Monette Mabolo*, Rekha Aryal

Reducing hospital readmission for heart failure patients is a major focus for health care organization to improve quality and reduce cost, following centre for Medicare and Medicaid rule to lower reimbursement to hospitals with increased readmissions for heart attack, heart failure & pneumonia. This is a quantitative non-experimental comparative study of 2 groups of heart failure patients where a control group received standard discharge teachings and an intervention group received standard discharge teachings and
a discharge follow up call or e-mail 72 hours post discharge from the hospital. This study established statistically significant relationship between discharge follow-up and heart failure patients 30 day readmission by describing correlation and causation based on objective measurement and observation (Hammer & Collinson, 2006). A non-probability convenience sample of 100 patients who were admitted to a heart failure unit were randomly selected to be in the control group where they received standard discharge
instructions, and the intervention group received standard discharge instructions and discharge follow-up call or email 72 hours post discharge from the hospital.
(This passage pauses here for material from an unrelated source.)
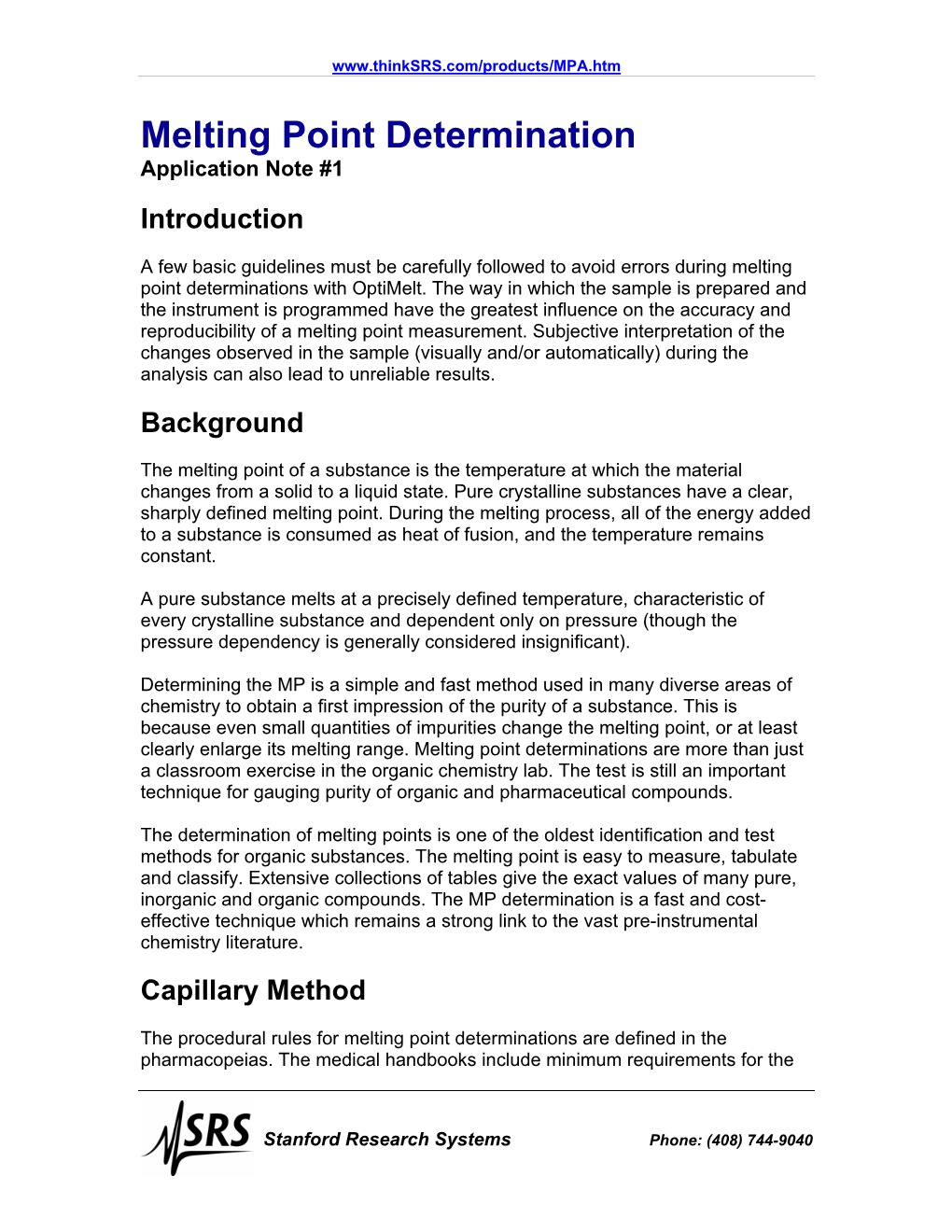 Melting Point Determination Application Note #1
Data was analysed using IBM SPSS version 23.0. Descriptive statistics was used to describe the characteristics of the patients and the Chi-square, a non -parametric test was used to analyse the variables that were measured on a categorical level (Kim & Mallory, 2014). The study showed there were 6 patients re-admitted 30 days post discharge out of
the control group, while only 3 out of the intervention group were re-admitted. The study also revealed gender has no statistical significance in both groups’ hospital readmission. Despite the difference of only 1.3% in readmissions between the two groups, this could mean a $1.5 million-dollar savings in Medicare reimbursement for the hospital. A meta-analysis of interventions for older heart failure patients found that comprehensive discharge follow-up reduces heart failure readmissions and improves outcomes
without increasing costs (Phillips, CO, et al.).